[Opening Listed entries section]

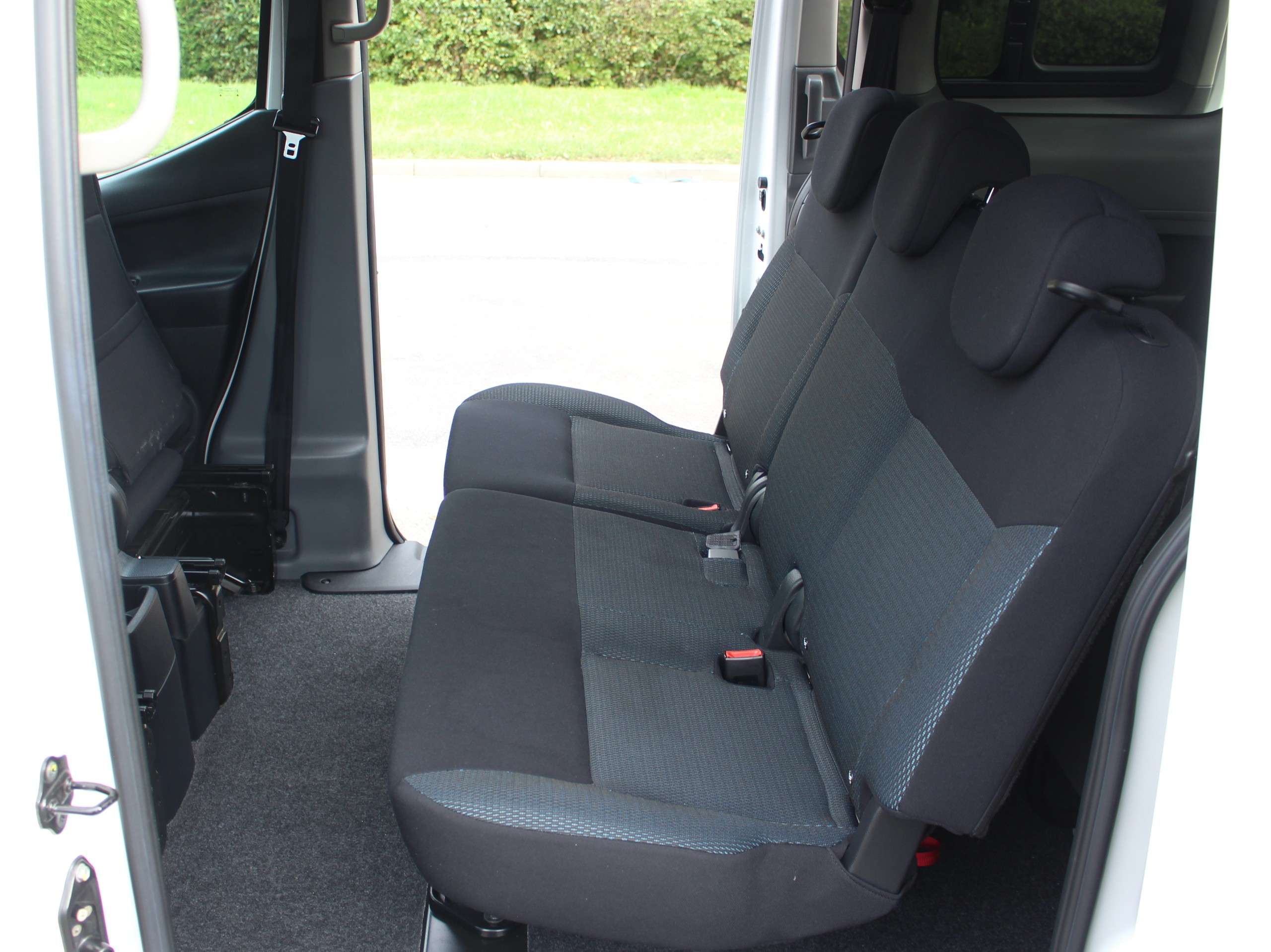 2020 NISSAN E-NV200 2020 NISSAN E-NV200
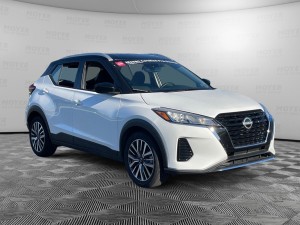 Certified 2023 NISSAN Kicks SV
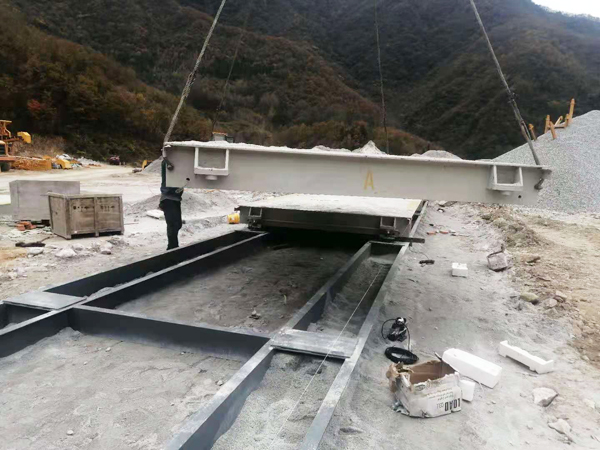 無基礎(chǔ)移動汽車衡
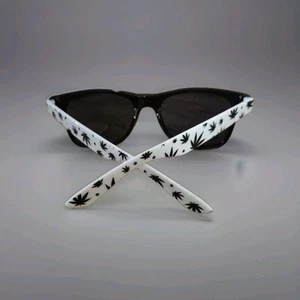 WOMEN MEN FASHION ADULT WEED LEAF SUNGLASSES RASTA FESTIVAL SUMMER SHADES UNISEX - Picture 1 of 38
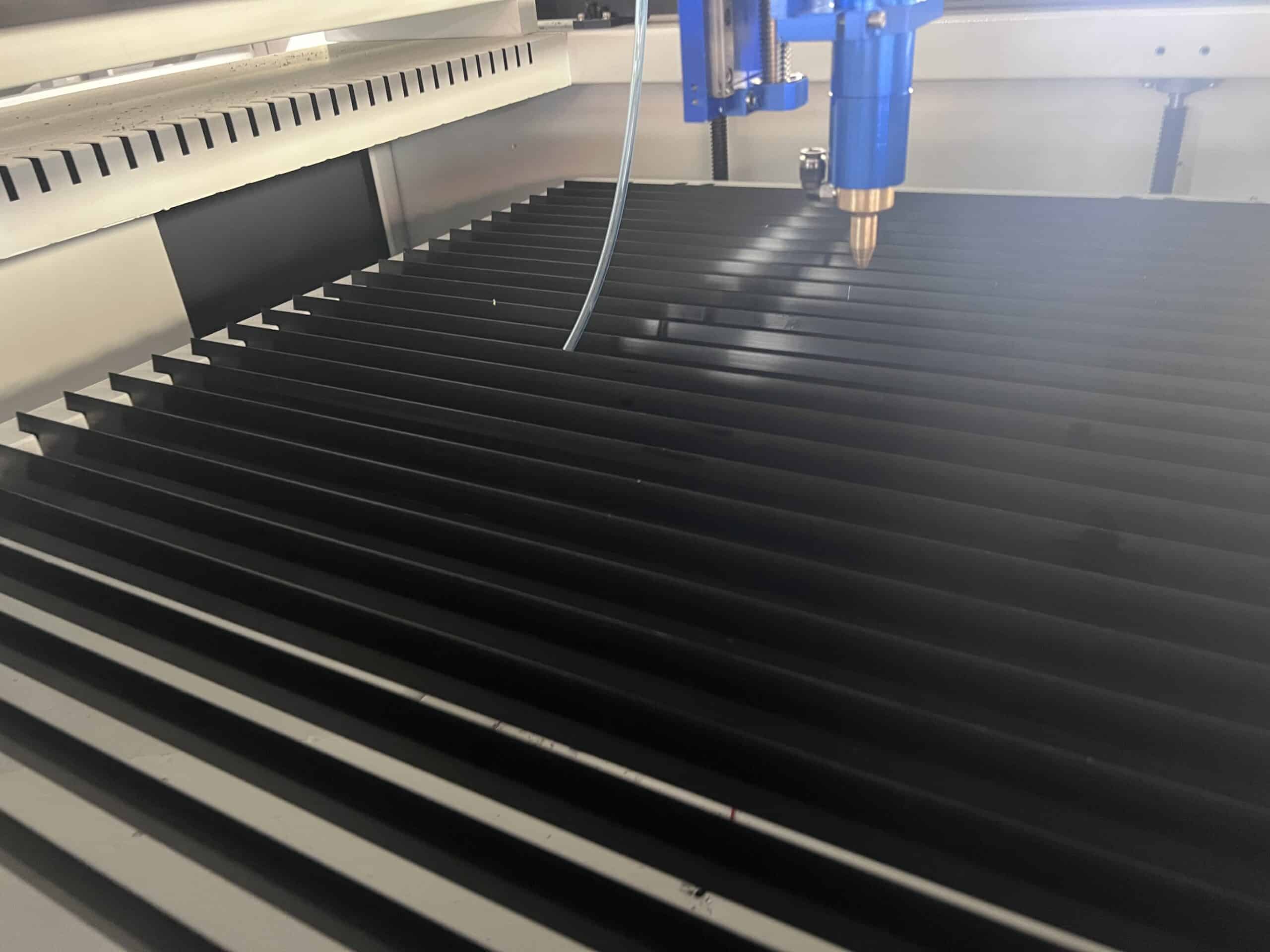 Aluminum knife blade bed for laser cutting fabric roll feeding
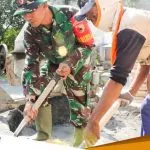 Wujud Kemanunggalan TNI Rakyat Koramil Temayang Bojonegoro Dan Warga Gotong Royong Cor Pembangunan Mushola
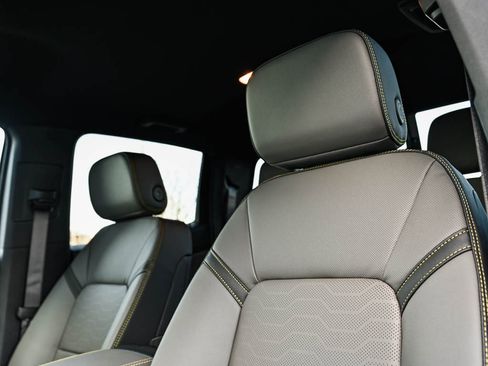 New 2026 Chevrolet Colorado ZR2 w/ Technology Package image 18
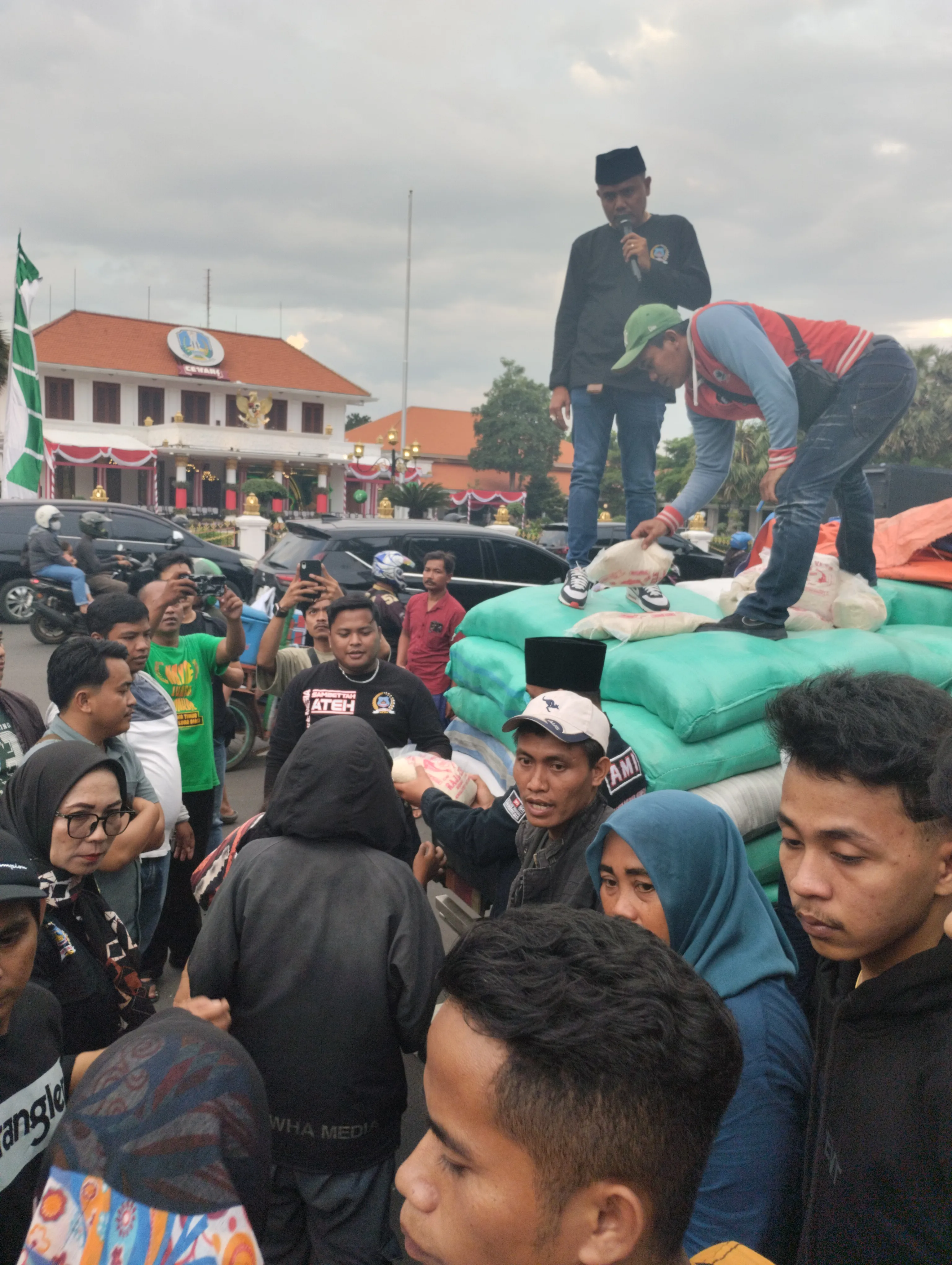 Aliansi Madura Indonesia Giat Bagikan 1200 Sembako di Bulan Suci Romadhan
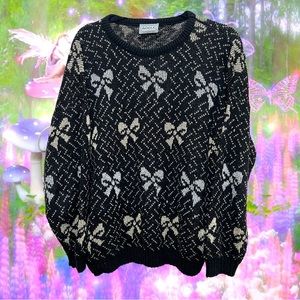 Vintage Adele Rare 80’s 90’s Women’s Gold and Silver Bow Sparkle Sweater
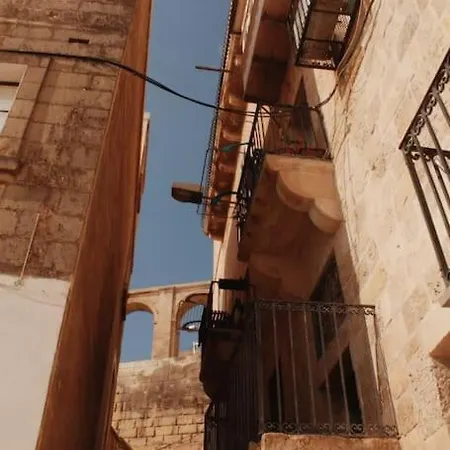 Daire Barrakka Gardens By Vallettastay *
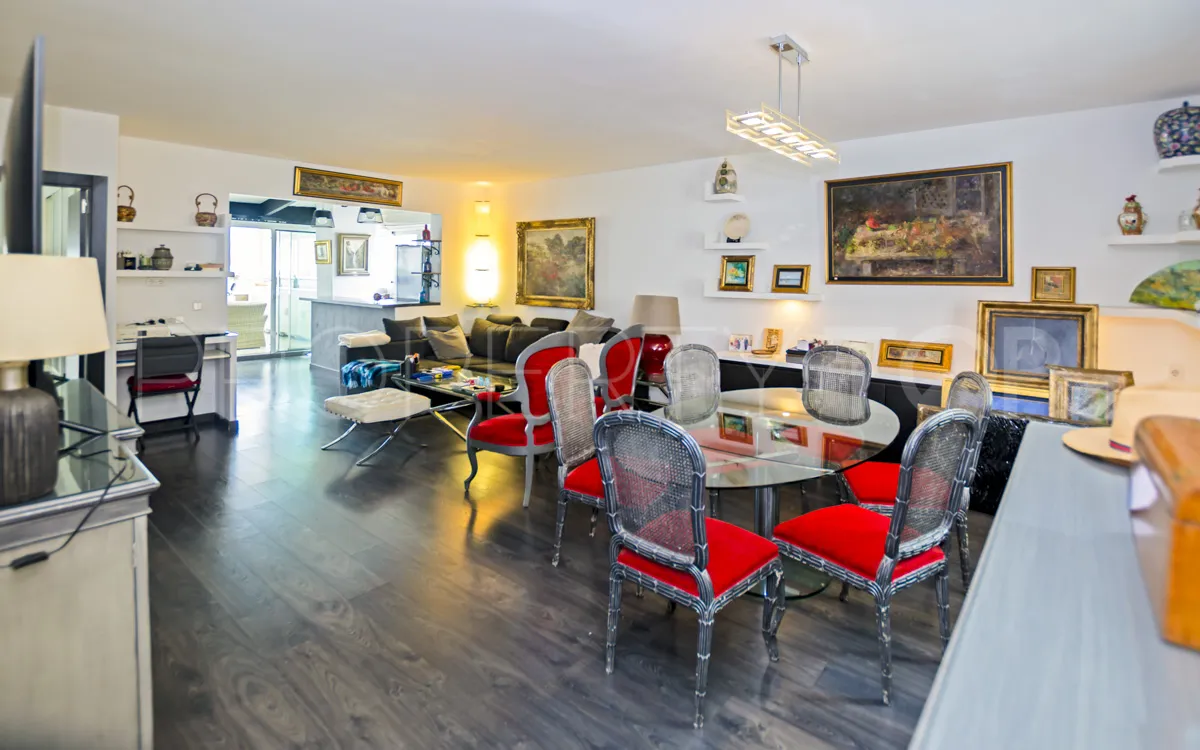 Ático en venta de 3 dormitorios en Marbella - Puerto Banus
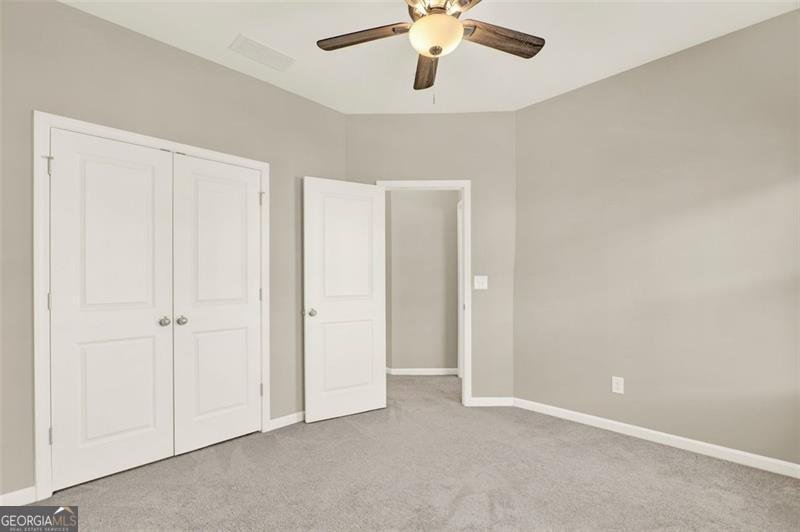 313 COMMONS Woodstock - 19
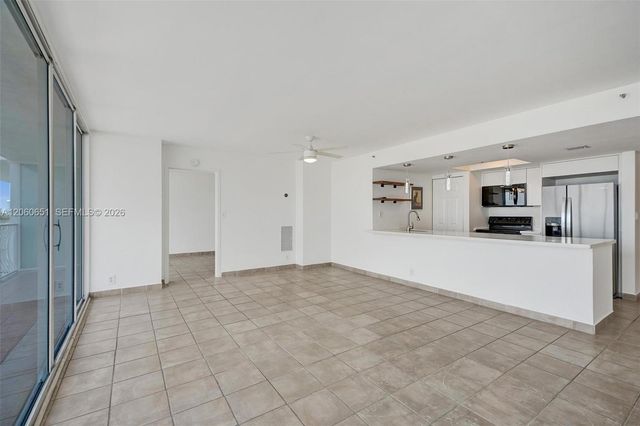 7601 E Treasure Drive 717, North Bay Village, FL 33141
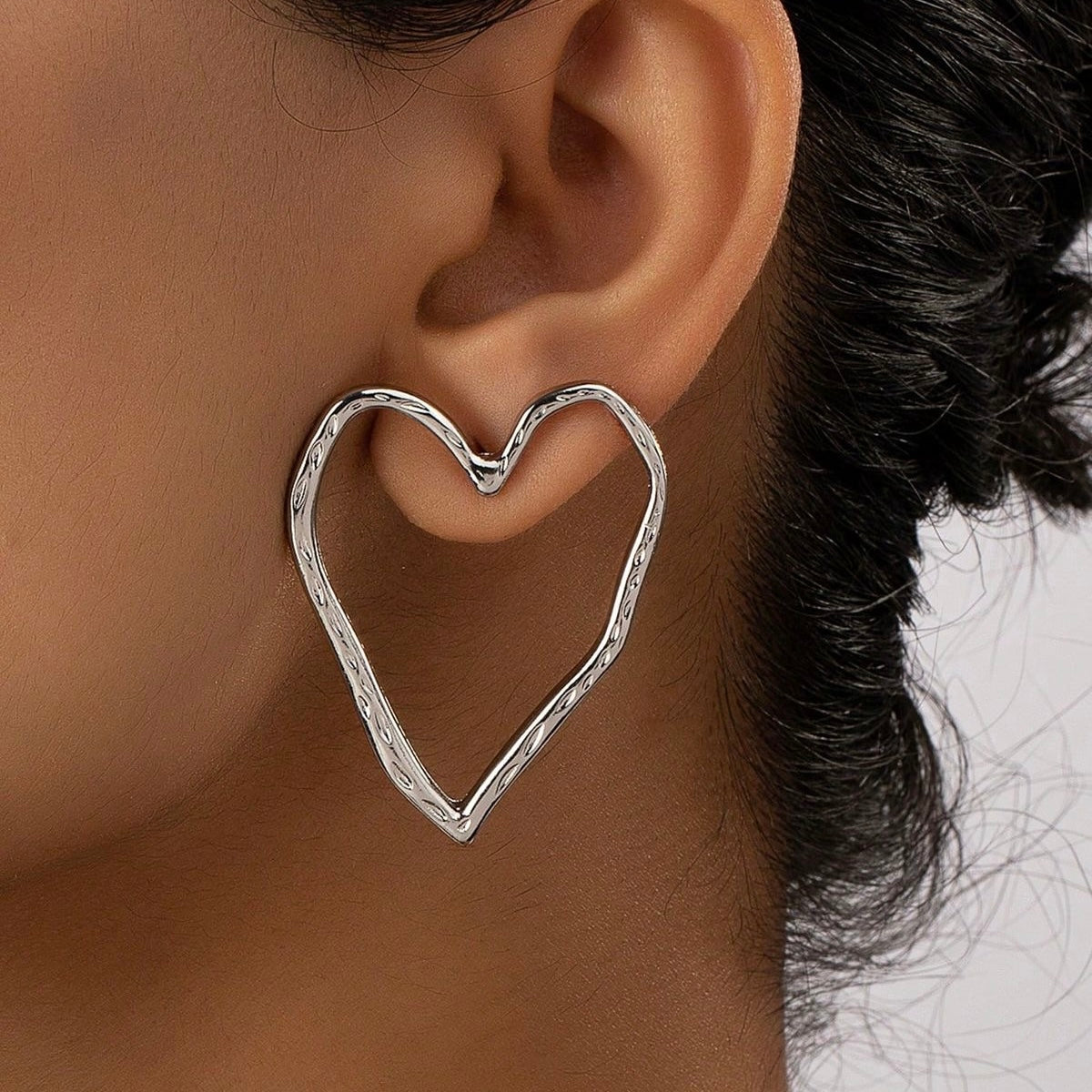 Aretes borde corazones plateados - acero inoxidable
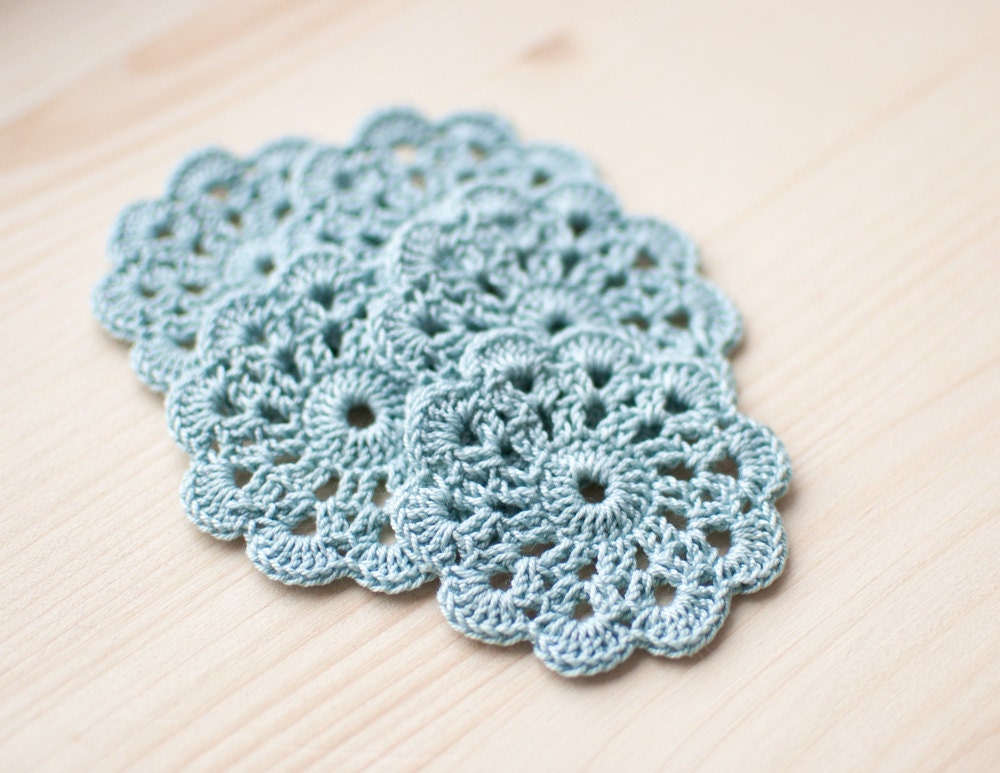 Crochet flower appliques Christmas decoration - Set of 5 - Birthday party Decoration Wedding decoration  Mint blue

[Closing Listed entries section]

--- Action item ---
Each record above is to be restated exactly, with its pictures removed from the copy.

--- Reply to the task ---
 2020 NISSAN E-NV200 2020 NISSAN E-NV200
 Certified 2023 NISSAN Kicks SV
 無基礎(chǔ)移動汽車衡
 WOMEN MEN FASHION ADULT WEED LEAF SUNGLASSES RASTA FESTIVAL SUMMER SHADES UNISEX - Picture 1 of 38
 Aluminum knife blade bed for laser cutting fabric roll feeding
 Wujud Kemanunggalan TNI Rakyat Koramil Temayang Bojonegoro Dan Warga Gotong Royong Cor Pembangunan Mushola
 New 2026 Chevrolet Colorado ZR2 w/ Technology Package image 18
 Aliansi Madura Indonesia Giat Bagikan 1200 Sembako di Bulan Suci Romadhan
 Vintage Adele Rare 80’s 90’s Women’s Gold and Silver Bow Sparkle Sweater
 Daire Barrakka Gardens By Vallettastay *
 Ático en venta de 3 dormitorios en Marbella - Puerto Banus
 313 COMMONS Woodstock - 19
 7601 E Treasure Drive 717, North Bay Village, FL 33141
 Aretes borde corazones plateados - acero inoxidable
 Crochet flower appliques Christmas decoration - Set of 5 - Birthday party Decoration Wedding decoration  Mint blue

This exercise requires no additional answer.